Our 'smoke tests' include a simple 2-host DNS check: https://github.com/zettio/weave/blob/master/test/200_dns_test.sh; maybe if you got that to run you could work backwards to why your test isn't working?

inercia commented 9 years ago

Hi guys,

I've tried several things and the mDNS feature runs fine as long as I launch the weaver with --net=host, but I don't really like this solution: this kind of exception just for the mDNS case does not seem very elegant...

The other alternative would be to add the appropriate iptables rules, but this would probably require duplicating multicast packets: they cannot be just routed due to TTL=1 for mDNS packets, and they cannot be just redirected (they also need to reach the host machine). So doing some iptables engineering, by adding more and more rules to the weave script, does not seem an elegant solution either: too much complexity, difficult to maintain, etc...

And this was the original reason for asking about moving weaver from a container to the host!

In my opinion, the weave script is keeping too much logic, and it will probably grow in the near future, so it will have to deal with multiple OSes, toolsets, commands and so, and doing networking with a bash script is not a lot of fun...

I also think this model imposes a somehow rigid flow in the system as some setup is done by the script and, once the weaver takes control, I don't think the system can modify some things (I must admit I'm not an expert here). I can imagine some changes in the routing table, device that go up or down, etc... and I'm not sure if Weave could react to this kind of things in its current form. In conclusion, I don't know if it is really good to be so isolated from the host for something like Weave, and running a container with full host access does not make sense either...

I fully understand that deploying Weave as a container makes a lot of sense in a containers world, but I also think that host packaging could solve some of the current problems of Weave in a more robust way. Packaging is not so difficult these days with tools like fpm (even for multiple distributions), and I think it would provide much better versions and dependencies control.

rade commented 9 years ago

the mDNS feature runs fine as long as I launch the weaver with --net=host, but I don't really like this solution: this kind of exception just for the mDNS case does not seem very elegant...

How about running the mDNS discovery as a separate container, with --net=host? That container could then tell the weave router what to connect to, via the HTTP call that is underneath weave connect.

In my opinion, the weave script is keeping too much logic

Thanks for reminding me to file an issue for that.

inercia commented 9 years ago

Adding a new container could solve the problem, but I'm wondering about some problems that could arise, like:

rade commented 9 years ago

who is going to be responsible for that container? who will keep it up and running?

Same answer as for the weave and weavedns containers :)

if some higher level software is responsible for controlling containers, could it be a problem to have so many weaver-initiated containers?

Don't think so. Nobody has reported problems with weave+weavedns so far in this regard.
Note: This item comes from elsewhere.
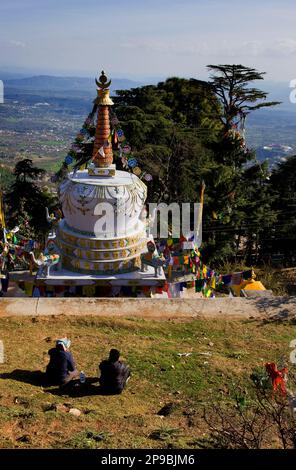 Stupa in Lhagyal ri,vicino Tsuglagkhang complesso,McLeod Ganj Dharamsala, Himachal Pradesh, India, Asia Foto Stock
More generally, weave is definitely going to grow, and having multiple container with distinct responsibilities is preferable to having a single uber container. So whatever problems might be encountered in such a configuration will just have to be fixed.

how do we keep compatibility consistency between this new container and the weaver container?
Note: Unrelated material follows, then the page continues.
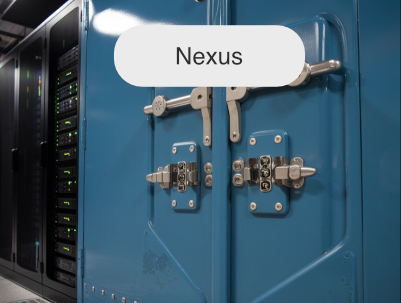 Nexus Reverse Proxy Server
As of #306 the script ensures that the images have the same version as itself.

rade commented 9 years ago

I've tried several things and the mDNS feature runs fine as long as I launch the weaver with --net=host, but I don't really like this solution: this kind of exception just for the mDNS case does not seem very elegant...

FDP (#1438) has to start weave with --net=host, so the above is no longer an issue.

I wonder whether port scanning would work on AWS/GCE :) Though apparently that is against the T&Cs.

One other thing to consider: --init-peer-count... would be lovely if a user didn't have to specify that, but let's not inflate this issue.

inercia commented 9 years ago

FDP (#1438) has to start weave with --net=host, so the above is no longer an issue.

Running things with --net=host would make things much easier.

I wonder whether port scanning would work on AWS/GCE :) Though apparently that is against the T&Cs.

I'm not sure this is the right path to follow now that we have Discovery. I think that peer discovery with the help of an external entity (ie, the Swarm token thing) provides a more general solution. It is a pity Docker has not taken their token idea a step further and make it a NAT helper...

One other thing to consider: --init-peer-count... would be lovely if a user didn't have to specify that, but let's not inflate this issue.

If it could be changed dynamically...